Los «vendidos», los favores silenciados, el tráfico de influencias, la «propina para el cafecito» y toda la parafernalia que tiene que ver con los erráticos vericuetos del deseo y el ejercicio del poder son tan viejos como viejas son las sociedades vertebradas en torno a la división de clases. De todos modos, las sociedades modernas, las sociedades masificadas que han venido de la mano del capitalismo, y más aún: las sociedades de la información donde los hechos políticos pasaron a ser parte de la mercantilización de noticias en las cuales más o menos todos saben algo de lo que pasa en el manejo de los Estados, esas sociedades han dado una nueva faceta al tema de la corrupción. Con los medios masivos de comunicación que inundan todo el espacio social difundiendo –aunque tergiversadamente en general– noticias y opiniones que en las sociedades agrarias tradicionales eran impensables, la corrupción pasó a ser una de las «vedettes» de la moderna industria informativa. No para combatirla realmente, sino porque es algo que «vende». Abrumar de información, en definitiva, también puede servir para desinformar. ¿Cuántos altos funcionarios e incluso presidentes en el mundo tienen en la actualidad procesos judiciales en su contra debido a denuncias de malversación a las que contribuyó la prensa? Sin dudas muchos, infinitamente más que a comienzos del siglo XX, pero ello no termina la corrupción.
Hoy por hoy, sin que esto signifique que la corrupción esté en vías de desaparición, las sociedades saben más sobre los grandes casos de corrupción. Es común que estos ilícitos político-administrativos se denuncien, circulen, se difundan en forma masiva. Y a veces, incluso, dado el peso de las circunstancias, hasta llegan a castigarse. En estos últimos años, sin que ello signifique un mejoramiento real en las condiciones de vida de las poblaciones, ya son más comunes las denuncias sobre hechos notorios de corrupción, la destitución de funcionarios, algún que otro juicio. Ello no mejora la distribución de la riqueza: los pobres y excluidos siguen tan pobres y excluidos como siempre, y los ricos continúan enriqueciéndose. Pero permite la sensación de cierta credibilidad en las instituciones.

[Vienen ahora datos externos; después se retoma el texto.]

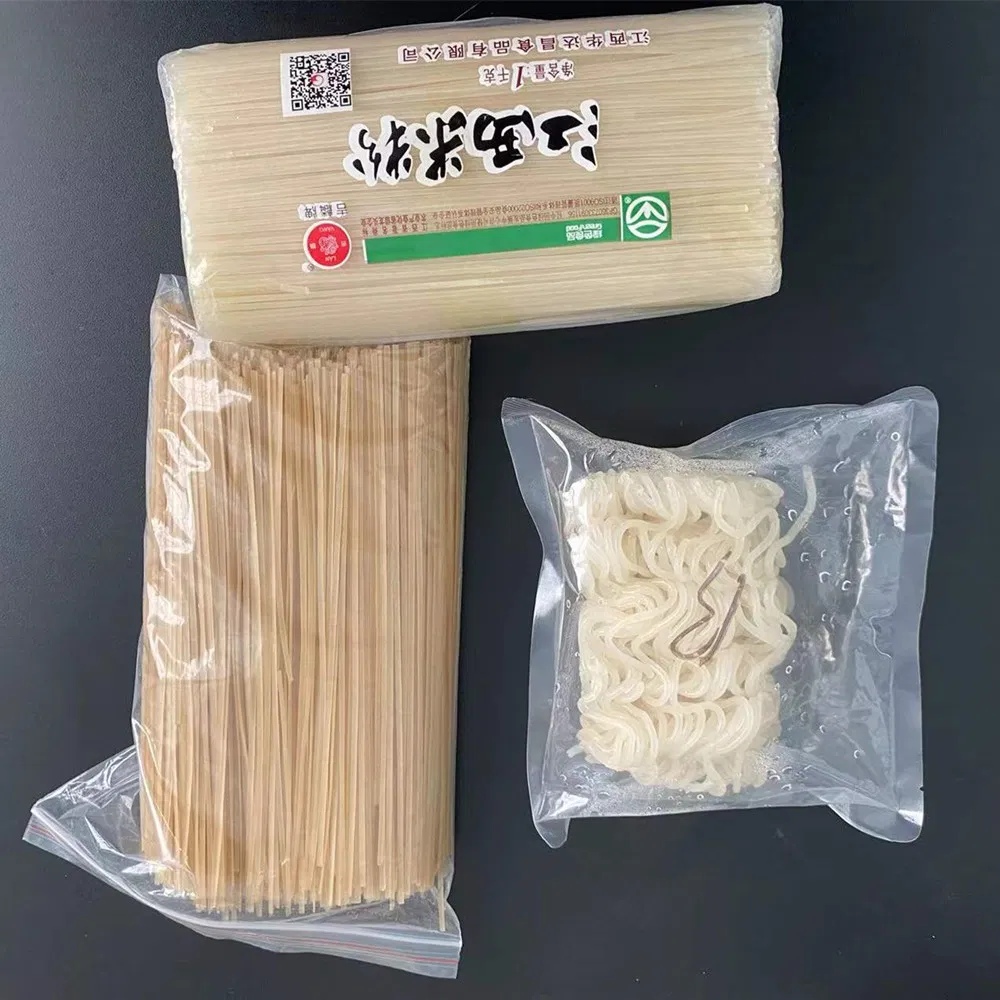 Línea de producción de procesamiento de fideos de arroz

Sucede, sin embargo, que la cuestión sigue abordándose como un hecho policial, más dado a la crónica sensacionalista que como un problema de capital importancia para la construcción de sociedades más equitativas. A veces, inclusive, se desliza la idea que la histórica pobreza de las grandes mayorías se debe al robo de algún funcionario inescrupuloso. «Estamos pobres porque los políticos se roban todo» es el prejuicio en juego. Y con ello se escamotea la verdadera naturaleza de la explotación de clase, fundamento de la riqueza y privilegios de unos sobre otros. La corrupción, en definitiva, habla de una cultura generalizada, de una ética, de un modelo de ser humano en juego.

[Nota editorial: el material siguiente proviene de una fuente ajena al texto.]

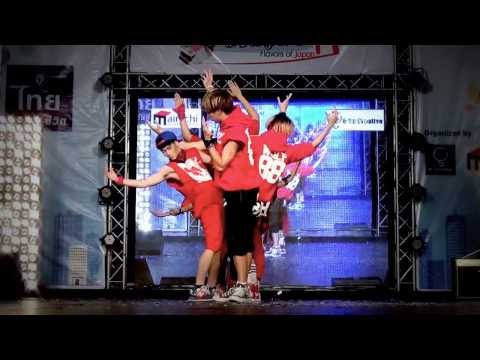 "The Most Wanted" cover EXO @ "Japan Festa in Bangkok 2013" :final round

En mayor o menor grado, el capitalismo es corrupto. Si los valores rectores están asociados con la ganancia individual, con el beneficio entendido como posesión material, es absolutamente funcional lo dicho por Napoleón: todos tenemos nuestro precio, todos podemos vendernos por algo. Todo es mercancía; también los seres humanos, nuestra moral, nuestra reputación. La tentación de los bienes materiales que se nos ofrecen es grande, y parece que no es nada fácil resistirse. Pero en realidad no se trata de «resistirse» al más espartano modo de un asceta, o siguiendo la ética guevarista de los 60 de siglo pasado, sin tomar Coca-Cola porque eso es «hacer el juego al enemigo». De lo que se trata es de construir otra cultura, otra nueva escala de valores donde la corrupción vaya quedando acorralada y haya espacio real para la solidaridad, para la responsabilidad colectiva sin necesidad de ser super héroes. Porque –¡esto es imprescindible dejarlo absolutamente claro desde un inicio!– no existen los super héroes.
Y si de esa construcción se trata, estamos hablando de socialismo.
Como dijo en su ya histórica formulación la incansable luchadora Rosa Luxemburgo: «socialismo o barbarie». Si seguimos con el puro individualismo del «sálvese quien pueda» que instauran las sociedades clasistas, y en grado sumo el capitalismo, no hay posibilidad de terminar con la corrupción. Porque desde esa lógica es innegable que «todos tenemos un precio», y tarde o temprano, podemos «vendernos». En otros términos: la barbarie se impone. La gente común y corriente, la gente real que conforma la humanidad, no son (no somos) ni Jesús ni el heroico guerrillero Ernesto Guevara –más mitos que realidades– y por tanto es mucho más posible que terminemos siendo corruptibles a que resistamos los «suplicios» de las tentaciones terrenales (la Coca-Cola se sigue vendiendo). Aquello de «la carne es débil» encierra mucha verdad, sin dudas.
Ahora bien: ¿hay antídoto contra la corrupción? ¿Es realmente posible terminar con ella? Vale la pena probarlo. Por lo pronto, y como mínimo, podemos apuntar a generar una nueva cultura, una nueva ética de la solidaridad. Es un desafío, y aunque no podamos asegurar el final de la batalla, vale la pena intentarlo. Es más: no sólo vale la pena sino que es imprescindible intentarlo. Si no, no hay posibilidad de cambio real, no hay socialismo.
Hoy por hoy la corrupción sigue siendo una actitud estructural en lo humano. Luchar contra ella es más difícil que combatir contra un enemigo externo. Contra un tercero, el enemigo está claro, es externo, está parado delante nuestro; por el contrario, en la lucha contra la corrupción estamos implicados nosotros mismos en nuestra subjetividad, en nuestro ser. De ahí que es tan difícil el combate.
El socialismo real que hemos conocido –el que cayó con el Muro de Berlín, el que todavía pervive en algunos puntos del planeta con experiencias dispares como Vietnam, Cuba, Venezuela o Corea del Norte– nos abre interrogantes sobre todo esto. Ahí, sin dudas, también hay habido (o hay) corrupción. Quizá mucha incluso. ¿Significa eso que fracasó el planteo socialista? Sin dudas: no. Significa que la transformación profunda de las sociedades es un camino que recién ha dado unos primeros y balbucientes pasos. Y por supuesto faltan mucho aún por dar.